Crunchy Lemon Chicken Salad with Toasted Almonds & Fresh Parm
Crunchy Lemon Chicken Salad with Toasted Almonds & Fresh Parmesan
My husband and I absolutely LOVE this recipe as it holds up extremely well for work lunches. This recipe is simple but the ingredients are very important to hit the high points!
1. Preheat oven to 425. While that is heating, juice your two lemons and set juice aside. Put your greens in a large bowl and pour lemon juice over greens (reserving a couple tablespoons). Then drizzle greens with olive oil, season with kosher salt and fresh ground pepper, toss and set aside. Letting the greens sit in the lemon juice for a bit will help them tenderize.
2. On your sheet pan, line with foil.
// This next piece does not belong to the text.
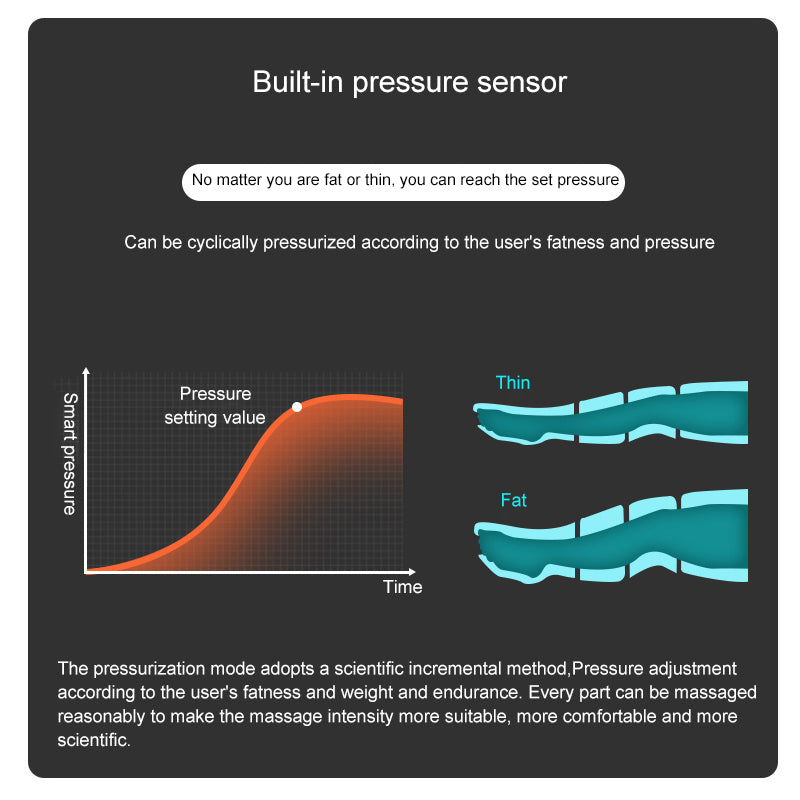 360mmHg air pressure Infrared Lymph Drainage Suit Detox maquina presoterapia Machine Pressotherapy Lymphatic Drainage Massage Pressotherapy Machine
Spray with nonstick spray. Place tenders on pan and drizzle with olive oil, remaining lemon juice and a little kosher salt and fresh ground pepper. Let roast for 30 minutes, flipping tenders at 15 minute point.
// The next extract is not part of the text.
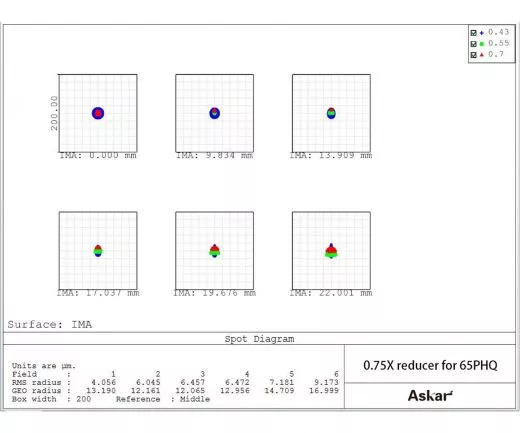 Askar 0,75x Reducer fr 65PHQ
3. While chicken is roasting. Prepare a pan to a medium low heat and add your slivered almonds. Watch carefully as these can burn quickly. Toast almonds until light golden brown. While nuts are toasting, grate your parmesan (using the traditiona shred side) and set aside. It is key to use freshly grated parmesan because the added creaminess just brings all of the flavors together perfectly.
4. When chicken is done, remove from oven. Pour any pan drippings on top of your greens. Chop chicken into small pieces and add to greens. Add almonds, currants and parmesan and toss well. Add any additional olive oil, lemon or salt & pepper you like.